Aniada pisze:Jako samozwańczy Sędzia Przewodniczący przyznaję, że masz zdecydowanie najgorzej. Pobiłaby Cię tylko Aamms, gdyby zechciała wziąć udział w naszej grze. Jej się szykuje remont w domu...
Skoro zostałam wywołana do tablicy, to się melduję..
Od 6 sierpnia:
- zrywanie glazury w kuchni
- położenie nowej..
- wywalanie całej terakoty z kuchni i przedpokoju..
- położenie nowej
- wywalanie wszystkich mebli kuchennych..
- montaż nowych..
- wymiana wykładziny w pokojach na płytki..
- poprawki instalacji elektrycznej..
- schowanie kabli telefonicznych w ściany..
- malowanie całego mieszkania..
- montaż specjalnej półki na klimatyzator..
- jak starczy kasy, to jeszcze montaż rolet na oknach..
(łazienka zostaje odłogiem co najmniej do przyszłego roku, bo już nie wyrobię finansowo..)

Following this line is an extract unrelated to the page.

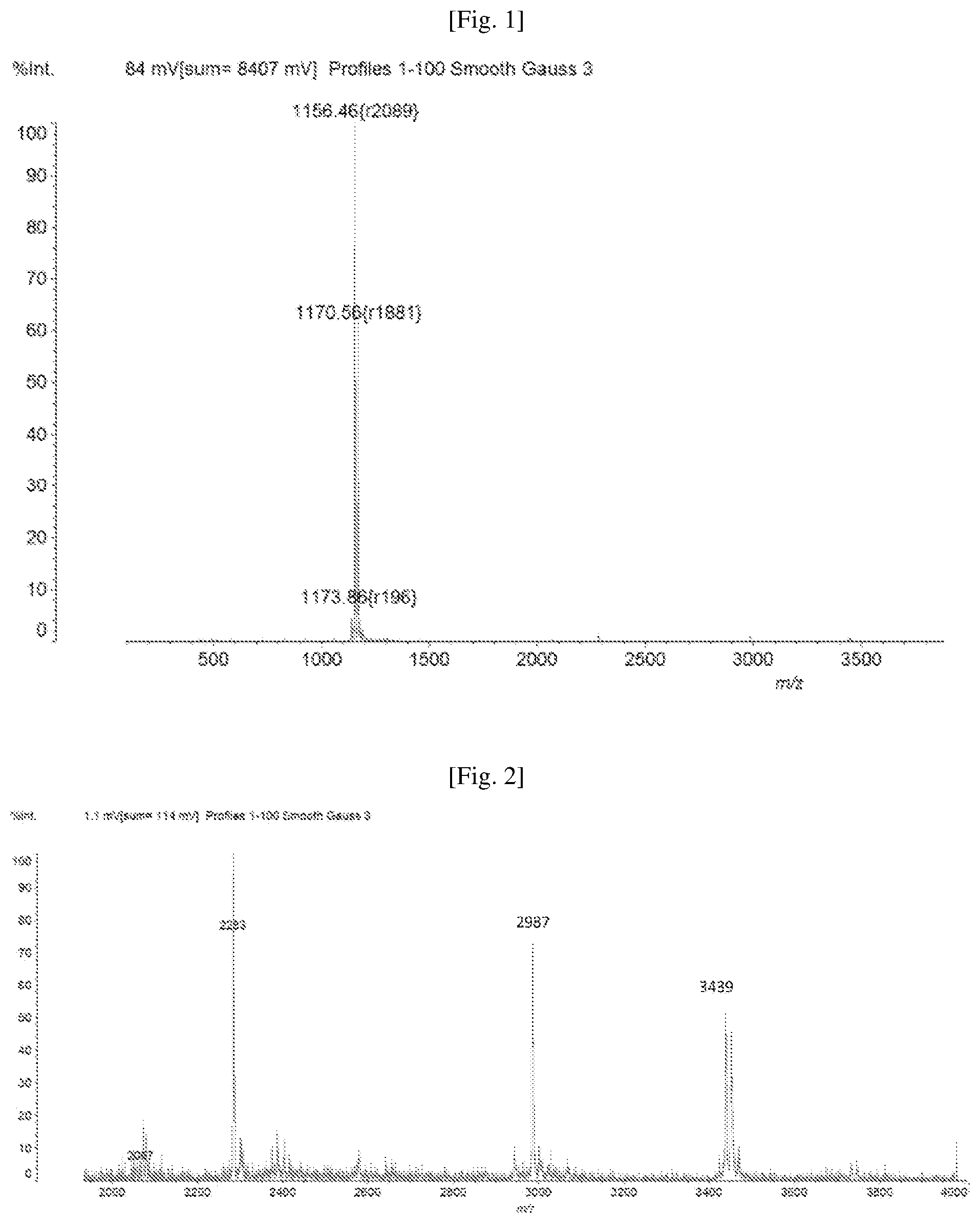 Patent US12460243 Figure 1 – Mass spectrometry determination of the sensitivity or resistance of bacteria to an antibiotic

wszystko to bez możliwości wystawienia z poszczególnych pomieszczeń mebli (możliwe najwyżej przesunięcie) oraz w towarzystwie moich kociastych..
Jak pisałam - ja sobie nie wyobrażam..
na szczęście panowie od remontu - a i owszem..
na szczęście wyjątkowo kociolubna brygada..
znana mi już z zeszłorocznej wymiany okien..
Które miejsce zajmę w rankingu konkurencji pt. "Kto ma gorzej?"